_Collected data_:
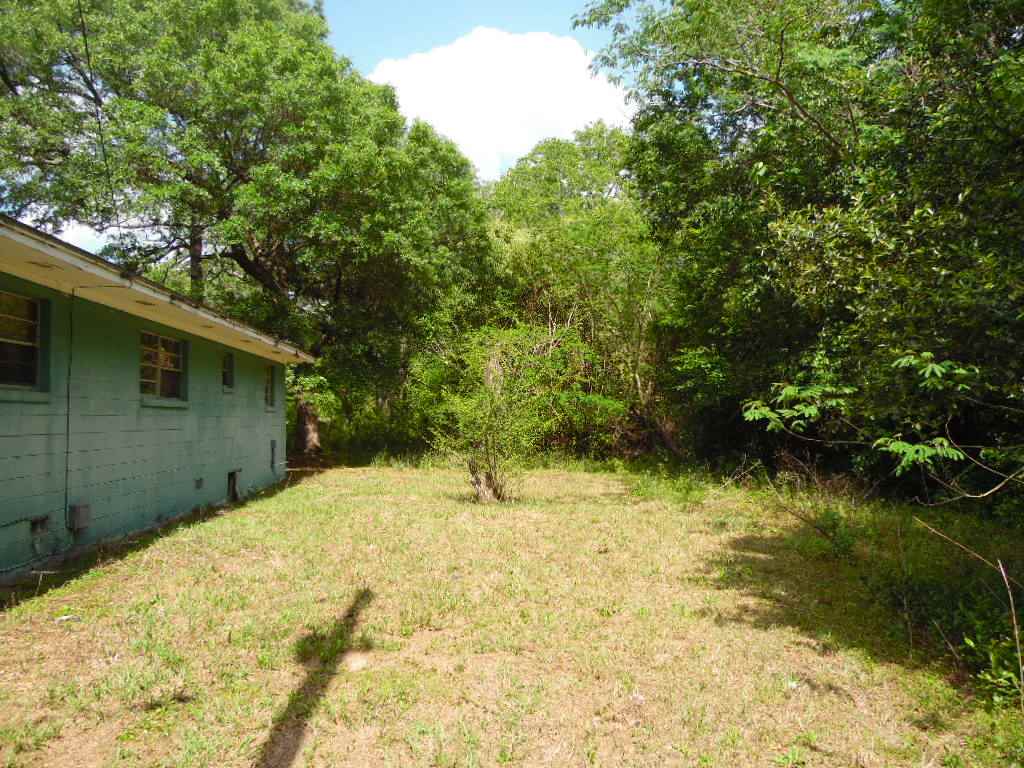 68 Axie Smith Road Quincy, FL 32352 - Photo 5 of 21 Gallery Image 5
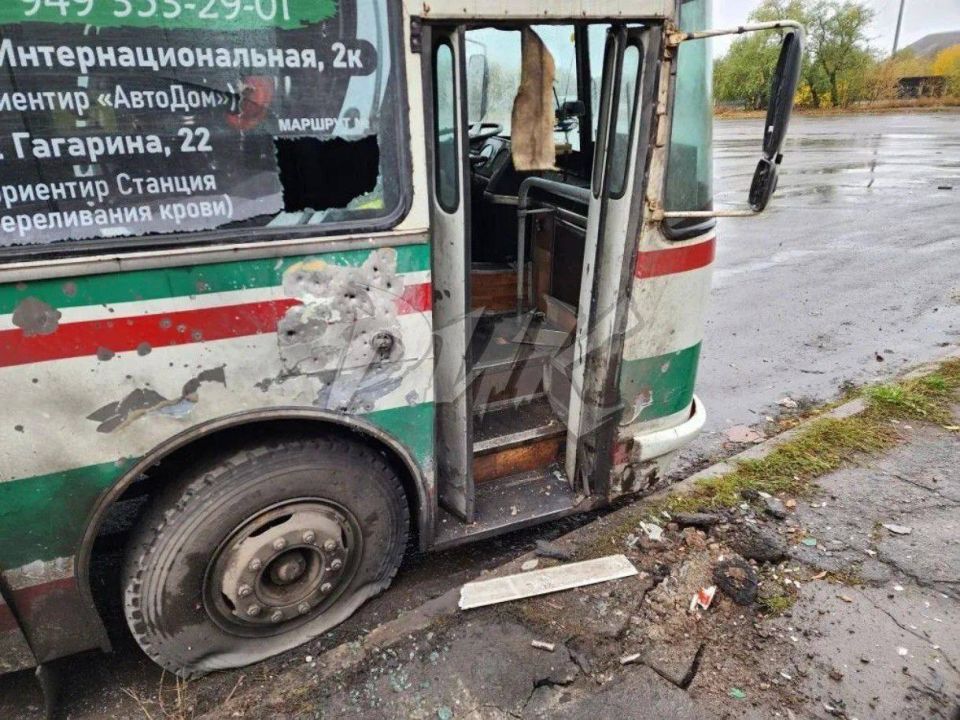 Последствия удара БПЛА ВСУ по гражданскому автобусу в жилом массиве «Комсомолец» (Никитовский район Горловки) Последствия удара БПЛА ВСУ по гражданскому автобусу в жилом массиве «Комсомолец» (Никитовский район Горловки)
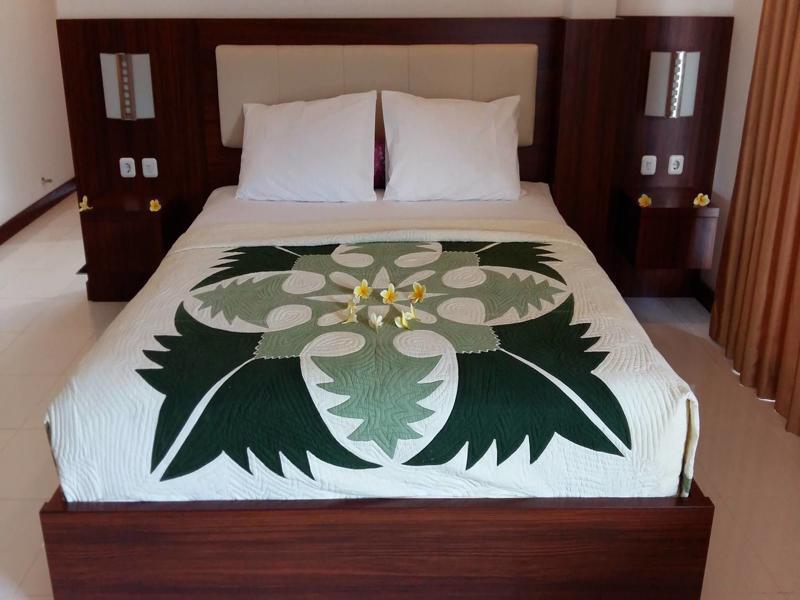 Friends Beach Hotel Kuta  Екстер'єр фото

_Task_:
Restate the listing word for word, pictures omitted.

_Response to this task_:
 68 Axie Smith Road Quincy, FL 32352 - Photo 5 of 21 Gallery Image 5
 Последствия удара БПЛА ВСУ по гражданскому автобусу в жилом массиве «Комсомолец» (Никитовский район Горловки) Последствия удара БПЛА ВСУ по гражданскому автобусу в жилом массиве «Комсомолец» (Никитовский район Горловки)
 Friends Beach Hotel Kuta  Екстер'єр фото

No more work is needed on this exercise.